Patrick Honohan, governor of the Central Bank, also claimed a new government will be able to change the terms of the €85bn IMF/EU bailout.
The banking chief said getting overseas investors to take over the homegrown banks that survive the current economic mess was looking like the best option.
“Increasingly, it seems evident that placing the continuing parts of the system on a firm footing can best be done through the involvement of new foreign owners who can bring capital, risk control and other management skills,” he said.
In a speech to the Institute of International and European Affairs (IEA) in Dublin, he said such a move would “short circuit” measures needed at the moment to reduce the banks’ financial risk to the State.

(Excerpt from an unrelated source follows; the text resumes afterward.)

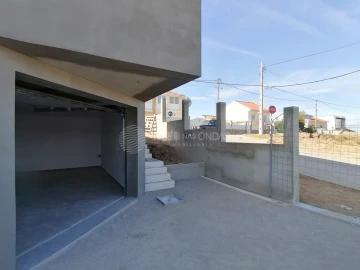 Moradia T3 para Venda em Fernao Ferro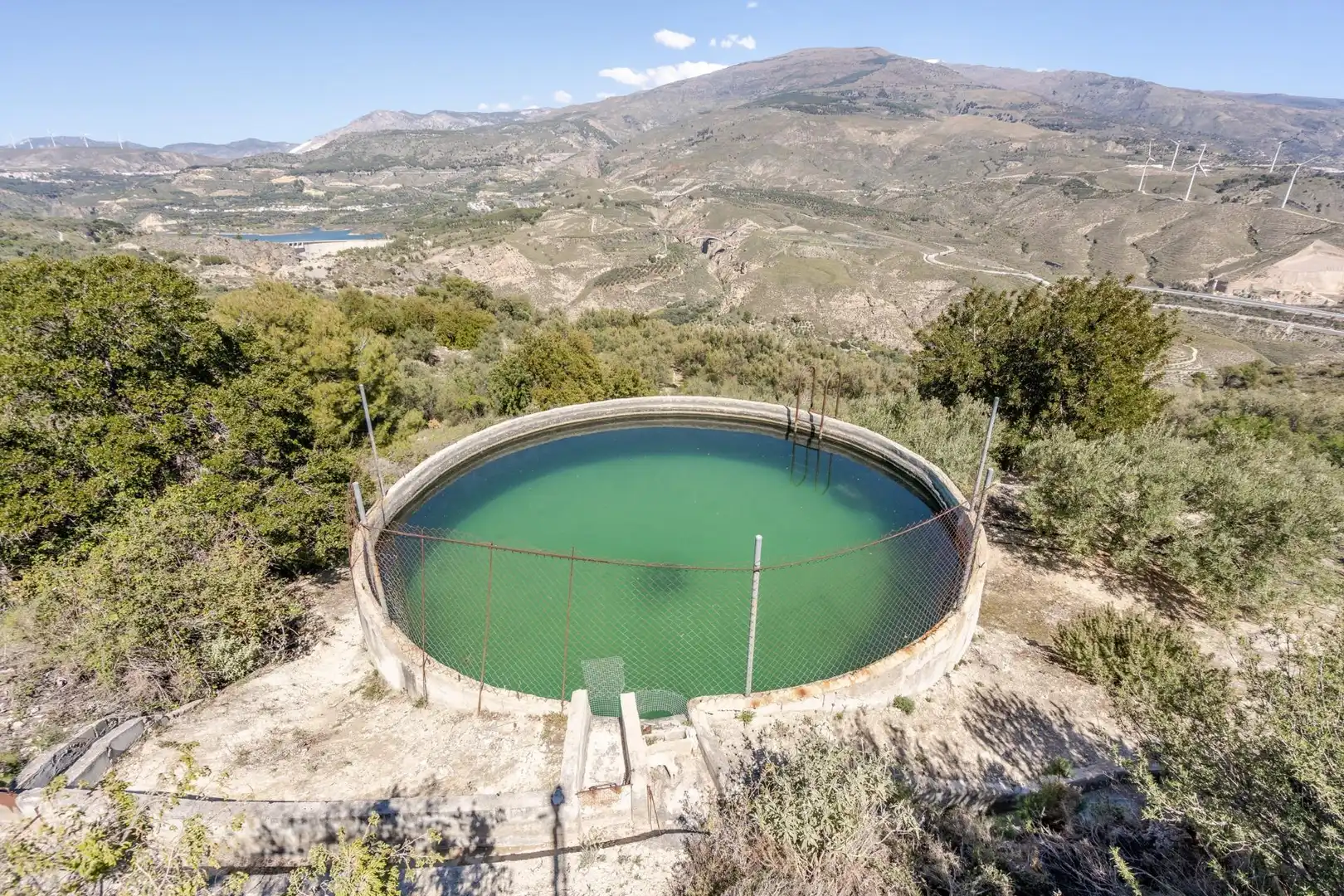 Schwimmbecken von Grundstücke zum Verkauf in El Pinar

These measures could be prolonging the clean up process, he said.
Mr Honohan said the prospect of international investors being attracted to Irish banks was “not unreasonable”.
He added: “I look forward to welcoming new owners of Ireland’s downsized and cleaned-up banks.”
Mr Honohan also suggested a new Government would get a “sympathetic hearing” from the IMF/EU if they wanted to bring in alternative cost-cutting measures, as long as they brought the country’s finances under control.
Rolling back Celtic Tiger excesses has heightened uncertainty among international lenders but the bailout package had bought time to restore confidence in Ireland, he said.
In a reference to claims the deal diluted Irish sovereignty, he argued its success was hinged on the actions of Irish authorities.
Mr Honohan added that the IMF/EU does not believe Ireland’s debt crisis is anything other than manageable.
Finance Minister Brian Lenihan said while alternative cost-cutting measures could be agreed within the bailout package, changes to interest rates were a different matter.
“The interest rate for funding from the IMF and the various EU funding lines were determined by a common approach for any borrower,” he said.
“Accordingly, any changes to these rates cannot be negotiated for Ireland in isolation and must be seen in the wider context.”
Mr Lenihan said it was always the case that the present administration or any new Government could bring in changes where savings are made as long as it had the same impact.
“What is clear, however, is that the size and speed of the budgetary adjustment is not open for discussion,” he said.
“Support under the programme is conditional on this level of adjustment being achieved.”